The Independent Financial GroupAdditional IFG Links:

 

IFG does not sell products, earn commissions, or accept any third-party compensation or incentives of any description. Opinions expressed are those of the author.  IFG does not provide legal or tax advice and nothing contained herein should be construed as  securities  or investment advice, nor an opinion regarding the appropriateness of any investment to the individual reader.  The general information provided should not be acted upon without obtaining specific legal, tax, and investment advice from an appropriate licensed professional.  The Independent Financial Group does not sell financial products or securities and nothing contained herein is an offer or recommendation to purchase any security or the services of any person or organization.

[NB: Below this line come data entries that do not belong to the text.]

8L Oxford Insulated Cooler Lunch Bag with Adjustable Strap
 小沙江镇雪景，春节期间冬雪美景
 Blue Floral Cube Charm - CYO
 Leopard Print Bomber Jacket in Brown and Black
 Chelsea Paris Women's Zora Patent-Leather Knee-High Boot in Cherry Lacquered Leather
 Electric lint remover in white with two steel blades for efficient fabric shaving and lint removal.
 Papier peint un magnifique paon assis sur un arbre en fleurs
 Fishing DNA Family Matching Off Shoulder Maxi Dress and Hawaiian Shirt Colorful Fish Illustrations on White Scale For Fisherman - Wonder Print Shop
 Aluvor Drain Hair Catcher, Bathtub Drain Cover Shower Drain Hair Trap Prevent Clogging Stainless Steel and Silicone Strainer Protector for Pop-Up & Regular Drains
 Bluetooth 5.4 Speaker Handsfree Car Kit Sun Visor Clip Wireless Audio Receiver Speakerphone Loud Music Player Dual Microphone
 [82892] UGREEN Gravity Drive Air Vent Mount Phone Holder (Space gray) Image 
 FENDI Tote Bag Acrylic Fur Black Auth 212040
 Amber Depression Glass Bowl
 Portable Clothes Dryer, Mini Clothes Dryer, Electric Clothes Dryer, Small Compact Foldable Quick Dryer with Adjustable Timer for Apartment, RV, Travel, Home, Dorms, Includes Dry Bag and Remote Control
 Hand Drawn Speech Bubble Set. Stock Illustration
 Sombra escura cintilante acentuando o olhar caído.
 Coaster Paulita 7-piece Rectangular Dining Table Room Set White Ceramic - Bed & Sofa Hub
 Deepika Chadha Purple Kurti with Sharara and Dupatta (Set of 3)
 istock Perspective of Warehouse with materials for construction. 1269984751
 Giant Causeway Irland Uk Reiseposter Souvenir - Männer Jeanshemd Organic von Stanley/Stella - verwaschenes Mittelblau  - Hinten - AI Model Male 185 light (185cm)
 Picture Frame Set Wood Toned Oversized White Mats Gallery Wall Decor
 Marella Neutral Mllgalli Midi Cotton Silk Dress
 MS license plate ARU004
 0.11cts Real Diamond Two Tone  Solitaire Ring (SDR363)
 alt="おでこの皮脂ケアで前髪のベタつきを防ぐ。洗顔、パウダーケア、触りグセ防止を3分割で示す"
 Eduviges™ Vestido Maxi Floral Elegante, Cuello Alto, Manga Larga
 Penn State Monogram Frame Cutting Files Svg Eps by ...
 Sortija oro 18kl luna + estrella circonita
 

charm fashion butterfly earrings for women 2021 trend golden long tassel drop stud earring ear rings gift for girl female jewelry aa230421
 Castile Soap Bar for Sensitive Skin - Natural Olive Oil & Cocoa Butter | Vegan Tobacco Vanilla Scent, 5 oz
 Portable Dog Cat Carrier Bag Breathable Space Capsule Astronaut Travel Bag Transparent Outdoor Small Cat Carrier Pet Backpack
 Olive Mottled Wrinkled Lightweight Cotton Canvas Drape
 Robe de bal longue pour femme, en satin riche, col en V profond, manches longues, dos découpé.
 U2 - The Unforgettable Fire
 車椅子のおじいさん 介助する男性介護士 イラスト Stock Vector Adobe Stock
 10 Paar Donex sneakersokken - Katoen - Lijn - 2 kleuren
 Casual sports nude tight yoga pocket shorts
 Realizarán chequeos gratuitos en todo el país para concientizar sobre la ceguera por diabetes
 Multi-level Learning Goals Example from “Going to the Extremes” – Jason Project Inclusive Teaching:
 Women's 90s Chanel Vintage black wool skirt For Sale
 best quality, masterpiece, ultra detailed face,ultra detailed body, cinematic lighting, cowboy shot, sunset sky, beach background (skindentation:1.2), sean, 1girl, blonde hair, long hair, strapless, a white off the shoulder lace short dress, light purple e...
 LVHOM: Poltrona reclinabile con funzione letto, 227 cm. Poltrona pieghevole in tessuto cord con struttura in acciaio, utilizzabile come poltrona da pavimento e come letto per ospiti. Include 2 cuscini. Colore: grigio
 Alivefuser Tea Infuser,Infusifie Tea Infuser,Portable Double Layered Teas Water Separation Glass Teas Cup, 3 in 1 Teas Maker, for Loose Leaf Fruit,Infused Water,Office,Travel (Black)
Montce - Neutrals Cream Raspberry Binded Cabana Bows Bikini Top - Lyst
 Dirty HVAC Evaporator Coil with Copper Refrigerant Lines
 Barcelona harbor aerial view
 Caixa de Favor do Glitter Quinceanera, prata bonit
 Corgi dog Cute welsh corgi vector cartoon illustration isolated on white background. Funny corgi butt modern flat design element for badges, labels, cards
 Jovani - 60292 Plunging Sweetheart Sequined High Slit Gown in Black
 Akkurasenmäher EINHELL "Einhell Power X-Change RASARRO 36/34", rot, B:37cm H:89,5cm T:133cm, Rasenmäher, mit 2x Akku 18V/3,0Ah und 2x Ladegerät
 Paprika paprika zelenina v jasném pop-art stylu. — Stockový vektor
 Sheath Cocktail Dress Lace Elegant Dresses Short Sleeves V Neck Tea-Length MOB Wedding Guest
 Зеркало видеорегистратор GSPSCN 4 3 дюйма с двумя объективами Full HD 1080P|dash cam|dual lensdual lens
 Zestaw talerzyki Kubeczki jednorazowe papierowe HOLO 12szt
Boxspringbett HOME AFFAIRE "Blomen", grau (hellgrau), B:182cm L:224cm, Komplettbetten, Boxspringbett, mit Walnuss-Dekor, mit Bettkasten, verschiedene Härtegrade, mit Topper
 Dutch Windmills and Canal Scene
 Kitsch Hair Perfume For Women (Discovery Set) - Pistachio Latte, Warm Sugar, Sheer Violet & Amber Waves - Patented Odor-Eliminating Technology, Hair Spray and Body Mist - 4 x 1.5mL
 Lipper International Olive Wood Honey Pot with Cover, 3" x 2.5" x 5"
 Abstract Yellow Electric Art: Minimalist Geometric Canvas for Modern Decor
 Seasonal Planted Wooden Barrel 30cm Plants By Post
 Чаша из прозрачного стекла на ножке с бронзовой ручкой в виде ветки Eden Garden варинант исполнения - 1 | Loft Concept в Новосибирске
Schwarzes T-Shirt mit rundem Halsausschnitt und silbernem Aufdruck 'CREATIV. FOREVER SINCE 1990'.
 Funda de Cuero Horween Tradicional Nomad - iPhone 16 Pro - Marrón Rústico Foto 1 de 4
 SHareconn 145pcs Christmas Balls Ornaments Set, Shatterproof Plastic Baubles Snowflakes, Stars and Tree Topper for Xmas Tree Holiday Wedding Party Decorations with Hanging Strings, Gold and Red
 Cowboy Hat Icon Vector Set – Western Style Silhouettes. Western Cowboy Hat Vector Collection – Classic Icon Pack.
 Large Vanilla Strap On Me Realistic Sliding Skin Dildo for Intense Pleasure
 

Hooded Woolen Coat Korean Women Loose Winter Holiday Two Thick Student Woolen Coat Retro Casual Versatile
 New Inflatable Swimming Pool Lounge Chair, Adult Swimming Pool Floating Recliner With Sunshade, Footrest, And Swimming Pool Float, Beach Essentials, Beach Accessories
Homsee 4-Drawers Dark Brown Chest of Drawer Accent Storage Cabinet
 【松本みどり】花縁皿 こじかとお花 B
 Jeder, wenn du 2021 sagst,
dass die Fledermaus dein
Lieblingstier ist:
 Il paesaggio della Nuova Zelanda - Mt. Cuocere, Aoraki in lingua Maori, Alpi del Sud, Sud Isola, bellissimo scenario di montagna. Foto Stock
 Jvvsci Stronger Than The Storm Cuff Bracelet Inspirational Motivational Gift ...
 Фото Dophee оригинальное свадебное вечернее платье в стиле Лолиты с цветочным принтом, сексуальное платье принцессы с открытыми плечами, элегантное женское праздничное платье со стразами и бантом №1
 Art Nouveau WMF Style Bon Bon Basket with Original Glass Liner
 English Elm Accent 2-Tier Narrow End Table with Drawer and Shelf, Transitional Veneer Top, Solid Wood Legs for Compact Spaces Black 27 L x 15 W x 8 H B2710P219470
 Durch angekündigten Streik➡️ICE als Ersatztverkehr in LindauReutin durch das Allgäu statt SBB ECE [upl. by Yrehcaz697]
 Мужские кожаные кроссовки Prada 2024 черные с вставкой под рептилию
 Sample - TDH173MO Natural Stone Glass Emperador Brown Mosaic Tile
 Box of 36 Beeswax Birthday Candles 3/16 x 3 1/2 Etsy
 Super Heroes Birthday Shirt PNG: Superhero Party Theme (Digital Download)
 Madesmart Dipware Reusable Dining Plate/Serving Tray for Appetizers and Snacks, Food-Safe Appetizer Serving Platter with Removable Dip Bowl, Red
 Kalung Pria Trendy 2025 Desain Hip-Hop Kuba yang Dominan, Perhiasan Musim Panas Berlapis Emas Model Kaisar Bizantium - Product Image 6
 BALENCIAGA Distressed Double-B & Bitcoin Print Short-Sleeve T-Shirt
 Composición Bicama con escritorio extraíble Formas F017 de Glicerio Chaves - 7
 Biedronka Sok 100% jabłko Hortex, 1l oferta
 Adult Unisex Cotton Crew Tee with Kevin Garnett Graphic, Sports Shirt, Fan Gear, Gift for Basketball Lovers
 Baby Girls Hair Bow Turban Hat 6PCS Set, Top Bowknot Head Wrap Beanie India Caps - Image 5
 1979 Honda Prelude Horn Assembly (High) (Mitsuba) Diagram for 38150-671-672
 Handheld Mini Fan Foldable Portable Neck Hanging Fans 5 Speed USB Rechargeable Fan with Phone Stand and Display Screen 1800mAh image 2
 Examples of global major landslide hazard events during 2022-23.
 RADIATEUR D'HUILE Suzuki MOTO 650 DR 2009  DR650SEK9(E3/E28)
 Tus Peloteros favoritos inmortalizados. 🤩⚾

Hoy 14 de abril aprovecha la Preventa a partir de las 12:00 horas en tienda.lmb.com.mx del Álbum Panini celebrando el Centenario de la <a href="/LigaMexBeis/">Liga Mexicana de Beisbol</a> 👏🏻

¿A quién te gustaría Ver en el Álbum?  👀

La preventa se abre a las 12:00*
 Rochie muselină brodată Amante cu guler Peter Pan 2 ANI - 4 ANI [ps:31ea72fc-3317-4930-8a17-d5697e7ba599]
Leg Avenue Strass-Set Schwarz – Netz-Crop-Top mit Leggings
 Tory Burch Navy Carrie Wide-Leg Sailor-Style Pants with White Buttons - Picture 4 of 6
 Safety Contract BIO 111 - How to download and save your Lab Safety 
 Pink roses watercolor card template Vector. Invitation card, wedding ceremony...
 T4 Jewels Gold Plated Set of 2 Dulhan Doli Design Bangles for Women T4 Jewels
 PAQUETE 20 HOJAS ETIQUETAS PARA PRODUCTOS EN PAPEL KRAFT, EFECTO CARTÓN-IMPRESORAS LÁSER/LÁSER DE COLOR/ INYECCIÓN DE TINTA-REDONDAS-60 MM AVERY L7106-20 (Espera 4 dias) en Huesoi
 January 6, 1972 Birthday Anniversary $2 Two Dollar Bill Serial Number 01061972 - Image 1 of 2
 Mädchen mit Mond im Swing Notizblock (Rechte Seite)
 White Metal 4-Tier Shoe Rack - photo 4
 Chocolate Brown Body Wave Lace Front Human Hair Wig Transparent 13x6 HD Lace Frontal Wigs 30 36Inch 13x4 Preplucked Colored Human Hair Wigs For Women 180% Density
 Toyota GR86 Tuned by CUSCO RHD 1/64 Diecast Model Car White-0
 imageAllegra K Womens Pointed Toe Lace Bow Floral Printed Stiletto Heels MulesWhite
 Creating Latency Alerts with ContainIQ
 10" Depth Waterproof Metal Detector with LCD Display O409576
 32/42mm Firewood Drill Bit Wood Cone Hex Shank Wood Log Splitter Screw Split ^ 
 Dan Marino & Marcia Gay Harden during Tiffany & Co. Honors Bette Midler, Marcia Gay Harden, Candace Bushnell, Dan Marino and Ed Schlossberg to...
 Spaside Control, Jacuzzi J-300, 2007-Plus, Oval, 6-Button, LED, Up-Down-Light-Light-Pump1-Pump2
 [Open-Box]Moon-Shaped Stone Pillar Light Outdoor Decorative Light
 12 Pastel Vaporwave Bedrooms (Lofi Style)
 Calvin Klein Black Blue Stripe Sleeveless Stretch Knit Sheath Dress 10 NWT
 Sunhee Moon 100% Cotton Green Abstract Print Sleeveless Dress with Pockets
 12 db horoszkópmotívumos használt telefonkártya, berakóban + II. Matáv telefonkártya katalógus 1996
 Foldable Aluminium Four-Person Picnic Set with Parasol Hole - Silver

Are Risk Questionnaires A Waste of Time?

Jim Lorenzen, CFP®, AIF®

Jim Lorenzen, CFP®, AIF®

Are these things worth anything? … or nothing.

Risk questionnaires have played a major role in retirement and investment planning for as long as I can remember; and I’ve used them no less religiously than any other advisor.   Frankly, I’ve always felt they were a little stupid.

Elmer Duckhunter walks into Brainy Smartsuit’s office at Behemoth Securities.  It’s a beautiful place, full of mahogany with lots of beautiful brochures in the lobby.   Brainy has been successful at Behemoth, gaining promotion to Sr. Vice President after selling more Secure Your Future product than anyone else in the office using the “Secret in a Box” software supplied by the product wholesaler. 

“How can I help you?”, Brainy asks.

“Well,” says Elmer, “I have a lot of money from all those Tractor Pulls I won and I think it’s time I began investing for my future.  What should I invest in?”

“I think I can help you, but first I have to know more about you!”

“Makes sense.  What do you want to know?”

Brainy pulls out the Behemoth Risk Assessment questionnaire.  “First, I’d like to know a little about how you feel about investing.”

“Okay.”  Elmer settles in.  “How many questions are there?”

Brainy smiles, “Just six.”

“Six?  You can learn everything you need to know about me with just six questions?”

“Trust me.  This is very scientific, “says Brainy.

“Okay.”

Brainy begins.  “On a scale of zero to 10, how much risk do you feel you can handle?”

“I don’t know.  What would a ‘five’ feel like?”, asks Elmer.

“Just pick one that you feel comfortable with, says Brainy.  “The people who prepare these know what they’re doing.”

Elmer thinks for a second.  “Well, back in 2007 I was a 9, but after the crash I was a 2.  Now, I don’t know what I am.  That’s why I’m here!”

“Well, I can’t tell you how much risk to take until you tell me how much risk you want; then, I can tell you what you told me and we’ll have the answer!”

“Huh?”

They both look at each other, then Elmer continues, “How much risk do I want?  Seems to me you should be telling me how much risk I need or don’t need!”

“But what if it’s more than you want?”, asks Brainy.

“I don’t know how much I want.  I need to know how much I should or should not have?

Brainy perks up.  “Now we’re getting somewhere.  What are your goals?”

“Simple”, says Elmer, “to retire with as much money as possible with as little risk as necessary.”

“How much is that?”

“How should I know?  You tell me.”

Brainy senses a lack of forward progress.  “Let’s come back to that.   Try this one:  If your portfolio went down, what would you do?”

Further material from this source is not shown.